I don’t think you are. But it’s not instant at all on my end, and it’s a pretty fast Mac. I don’t know what is causing that.

34

I have similar age/spec iMac except it’s 32GB; also Mojave version is 10.14.5. Might be worth updating the OS?

I don’t know if this could be your culprit but two weeks ago after i updated from Sierra to Mojave, a few days later I encountered a massive problem with Spotlight not indexing properly, Finder tags not showing, unable to find Mail messages. I tried all the common problem solutions but to no avail. Finally found an uncommon problem solution which included deleting an obsolete TagsMail.mdimporter.

Suggest also search Google - mojave slow pdf search. You might find something amongst the comments.

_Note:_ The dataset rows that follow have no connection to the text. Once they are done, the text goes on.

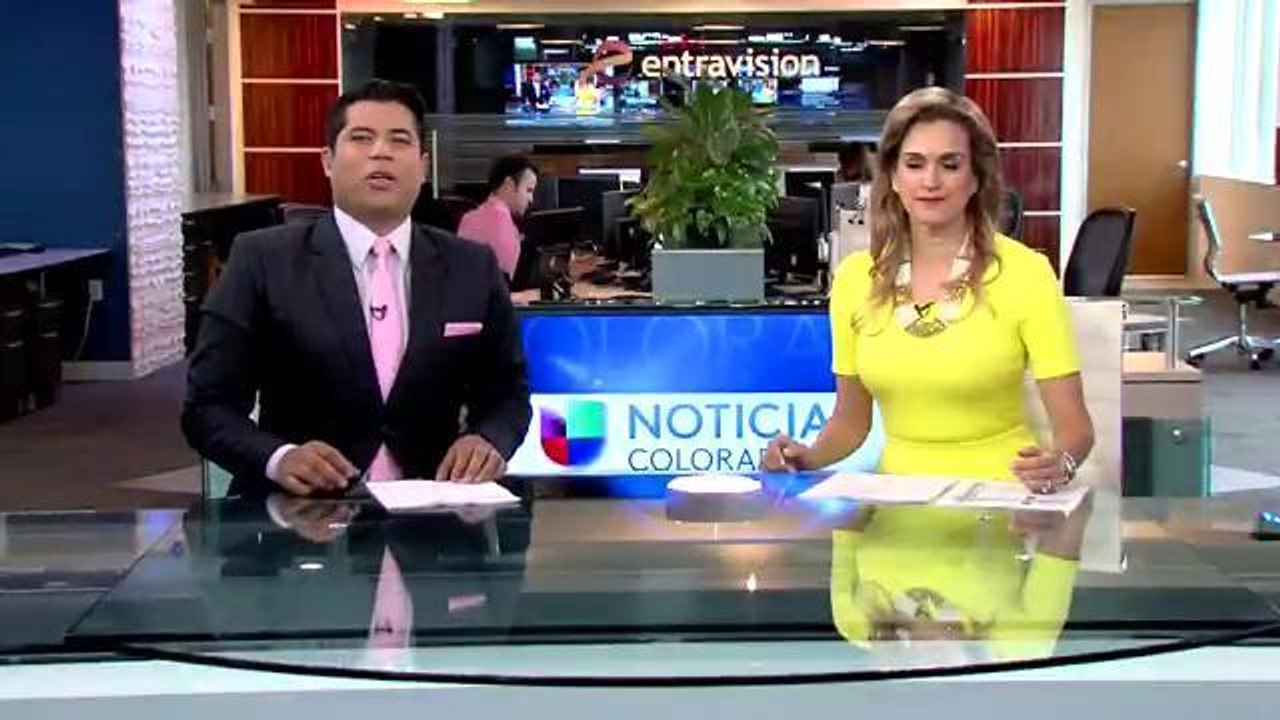 Republicanos y demócratas unidos ante la masacre en Charleston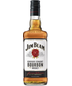 Jim Beam Kentucky Straight Bourbon Whiskey 4 year old 200ml
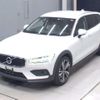 volvo v60 2019 -VOLVO--Volvo V60 ZB420-YV1ZZ10MCL1032491---VOLVO--Volvo V60 ZB420-YV1ZZ10MCL1032491- image 1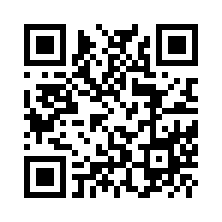 QR Code for bitcoin:18ddVNL829BP6TE3yXBgeHunC9DPSsbLqB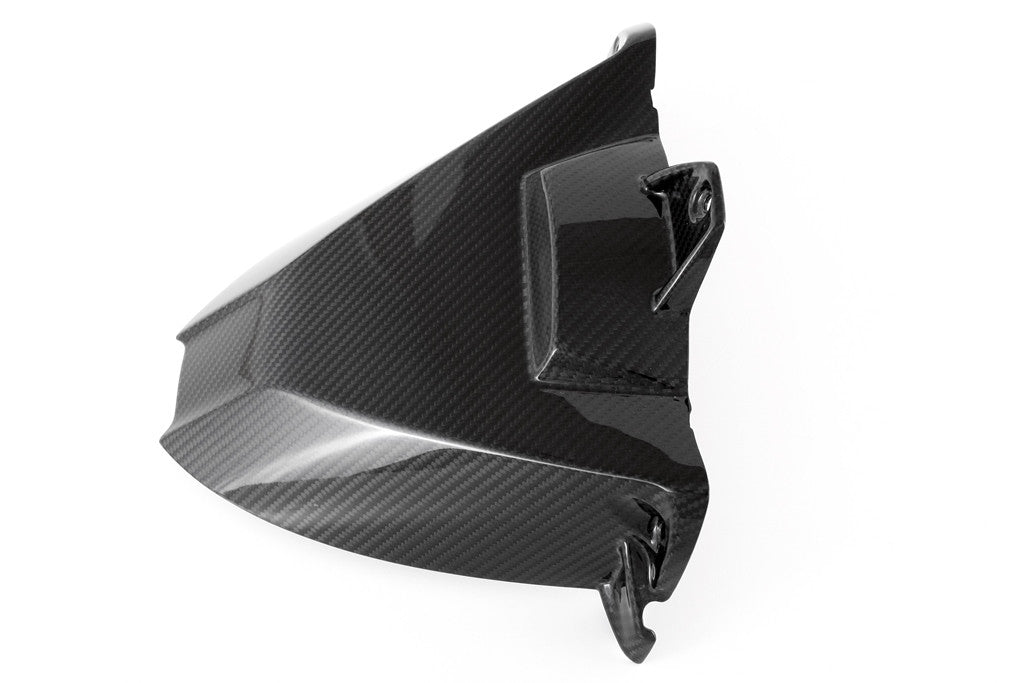 Hinterer Kotflügel "SBK" Carbon Fullsix BMW S1000RR K46 (09-18)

Another possibility i find is to run the OCR on a pdf again. I use Acrobat Pro X1 to ocr but I assume DT’s Abbey Fine Reader similar. Have you tried Data>OCR>to searchable pdf? (Not that that explains how I was able to find the text without redoing, but maybe OS 10.14.5 is the answer?)

but maybe OS 10.14.5 is the answer?

While I can’t say this is the solution, we do generally recommend keeping up to date on operating system point releases.

After updating to 10.14.5 I can confirm searches seem to go faster but still slower than Preview. Thanks for the suggestion.

but still slower than Preview.

As @cgrunenberg mentioned, “Hard to tell what it does exactly but Apple’s apps are of course not limited to official APIs.”

There are plenty of private APIs and things Apple may do but not make available to developers, so it’s entriely possible the team working on Preview has done things we aren’t aware of or don’t have access to.